*Material shown*:

————

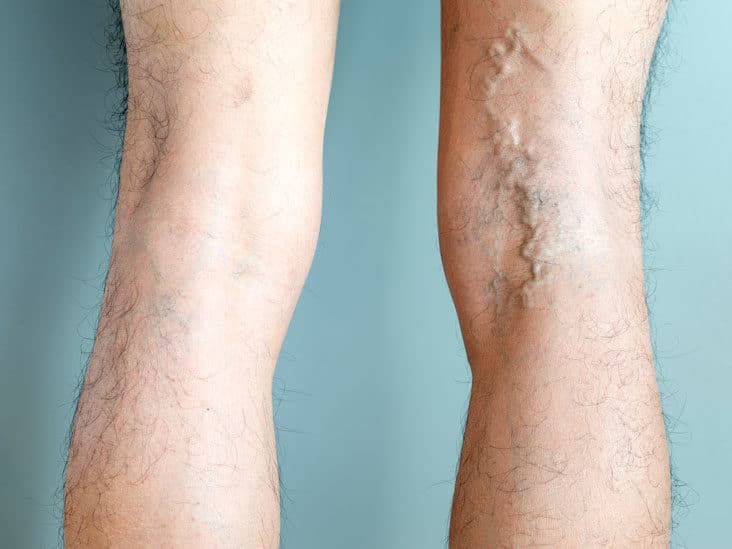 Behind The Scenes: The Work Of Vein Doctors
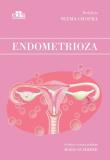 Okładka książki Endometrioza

————

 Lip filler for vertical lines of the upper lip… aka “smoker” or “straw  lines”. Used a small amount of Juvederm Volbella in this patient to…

————

*What this task involves*:
All that should be printed is the run of lines above from the one with "Behind The Scenes: The Work Of Vein Doctors" through the one with "Okładka książki Endometrioza", both included, exactly as given, with pictures left out.

*Exercise result*:
 Behind The Scenes: The Work Of Vein Doctors
 Okładka książki Endometrioza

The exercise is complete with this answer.